Als de brekingshoek 90 graden wordt, dan is de zogenaamde grenshoek bereikt. Door deze situatie treedt ook reflectie op, maar dit noemen we liever spiegeling omdat er een totale reflectie optreedt. Kortom, wanneer we een invalshoek kiezen die leidt tot een brekingshoek die gelijk is aan de grenshoek, dan gaat het oppervlak spiegelen.

Theorie en praktijk

Wanneer je werkt met een flitser kun je in theorie dus alles laten spiegelen. Dit doe je door de juiste invalshoek (de hoek waaronder je de flitser plaatst) te kiezen. Op die manier zou je niet alleen water, maar in principe ook een steen kunnen laten spiegelen. Toch gaat dat lang niet altijd op, zoals je weet. Een flitser geeft geen licht af dat maar in een hoek op het voorwerp terechtkomt. Daarnaast spiegelt een steen niet zomaar. Daar zijn blijkbaar meer voorwaarden voor nodig.

Deze theorie over spiegelen gaat bijvoorbeeld alleen op zolang de betrokken mediums doorzichtig zijn. Het licht kan niet door het grensvlak gaan als dat ondoorzichtig is. Een perfect doorzichtig medium laat de lichtgolven door zonder beperking. Maar wanneer het medium bepaalde golflengten van het licht absorbeert, dan zal het deze golflengten niet kunnen doorlaten. En hoe meer lichtgolven van verschillende lengtes geabsorbeerd worden, hoe minder dit doorgeven op zal treden.
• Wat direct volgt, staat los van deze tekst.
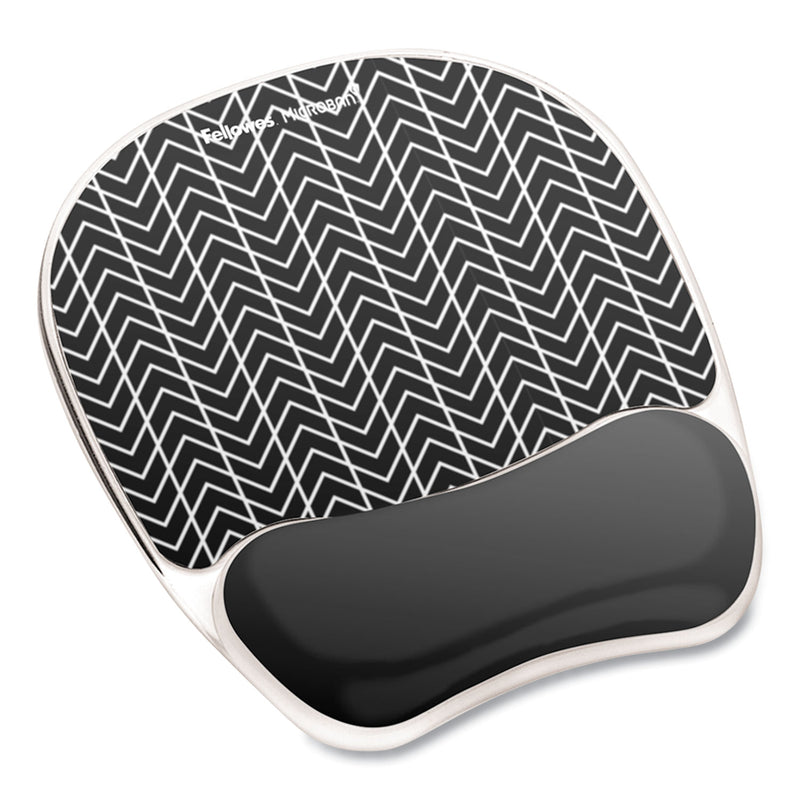 Fellowes Photo Gel Mouse Pad with Wrist Rest with Microban Protection, 7.87 x 9.25, Chevron Design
Daarnaast speelt de oppervlakte van het medium een belangrijke rol. Wanneer we het licht vanuit de lucht op heel glad glas afsturen, dan zal dit licht minder in alle richtingen worden gereflecteerd dan bij glas met een ruwe oppervlakte (zoals mat glas). De oneffenheden in het matte glas weerkaatsen de lichtstralen nu eenmaal alle kanten op.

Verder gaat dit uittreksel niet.